As the encircling globe of vessels tightened around the silver ship, Lea explained the aim of the manoeuvre to Becky
“You seem so calm, but is there nothing to be done?” said the reporter and court recorder.
“The only option is self-destruction,” said the mechanical voice. “That is what we planned as a contingency. A flux cascade overload would cripple the attacking ships and most of the fleet but cause a minimal number of fatalities.”
“Just minimal fatalities, then” said Lea, looking at Becky.
+
Art felt a growing sense of paralysis as the globe of warships tightened around the alien craft. On the middle tier of the hologram, he could barely see the silver, egg shaped ship. On the top tier of the wedding cake, the biggest close up offered by the triptych 3D projection, Art could see between the attacking vessels but only part of the ship. The encircling vessels were laying down an intricate web of tractor beams. No one beam on its own could stop the ship. However, hundreds now crisscrossed the prow and bow of the alien craft holding it firm at the centre of the globe.
“It looks like your little ship is all mine,” said the Emperor. “Garth, as soon as you have the vessel, put this traitor out of the nearest airlock. He bores me.”
“Sire, we’re detecting a power surge on board the ship, flux levels off the scale,” said the Admiral. “Reserve power to shields, move us away,” he shouted to his ai
des.
“No, hold position,” said the Emperor.
“Yes, Sire. It’s a trick,” added Colonel Garth. “They wouldn’t destroy themselves!”
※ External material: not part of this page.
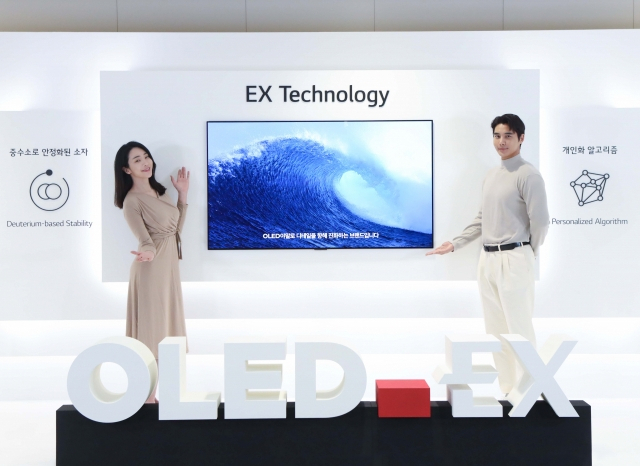 LG디스플레이 모델이 차세대 TV 패널을 소개하고 있다. [LG디스플레이 제공]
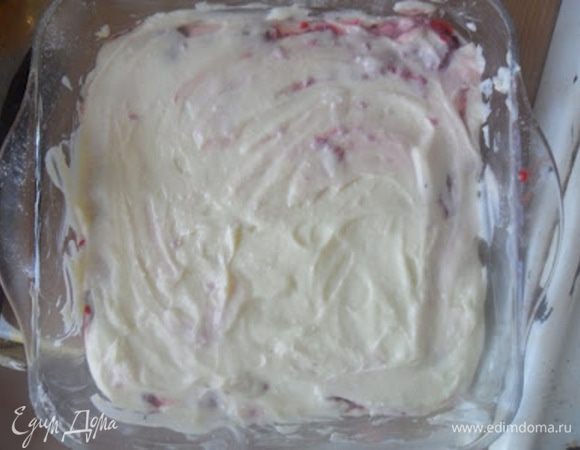 Сверху выложить остальное тесто.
The brightness of the blast was muted in the holographic representation. Safety protocols prevented the generation of literally blinding light. Nevertheless, it looked as if a super nova had flared up in the middle of the fleet. The warships encircling the exploded ship were black silhouetted dots being expelled outwards. No, No, Yelena, Becky, Lea, why? Art felt as if his own life had been extinguished.
A blast wave represented by the foaming orange surface of a sphere was expanding rapidly and had already engulfed the fleet. Only Orion and a score of cruisers, postal ships and shuttles were outside the zone of devastation. The smaller vessels tried to outrun the shock wave but they were too slow. The Orion stood firm, its reinforced shield flaring into the vacuum of space as the wall of cascading flux particles roared towards the fleet ship.
Art braced himself in his chair and found himself worrying what the force field around his neck might do to him in a collision. Having just seen his lover die, he felt a little guilty worrying about his own neck but he really did not want to have his head ripped off by a sudden impact. OK, so there is life after Yelena, but I need to survive if I want to make it count, he thought. All the officers on the bridge, even the Emperor, were in their seats, crash fields glowing.
“Releasing the security bonds,” said a familiar voice in his head, “and attempting to generate an inertia dampening field.”
Art felt the force fields at his neck and wrist dissolve. His hands gripped the arms of the chair. The floor jolted and he was thrust sideways, the metal arm pressing painfully into his ribcage. Suddenly, all movement stopped. He was enveloped in a coruscating field of yellow. Curled wisps of what looked like gold danced in front of his eyes and the world became silent. He could see chairs crashing across the room; one of the three giant vid screen opposite cracked and the two halves swung by their hinges down to the floor; officers were thrown about inside their crash fields. Art, by comparison, felt as if he was wrapped up in a giant mattress, cocooned by balls of cotton wool. He was comfortable and safe.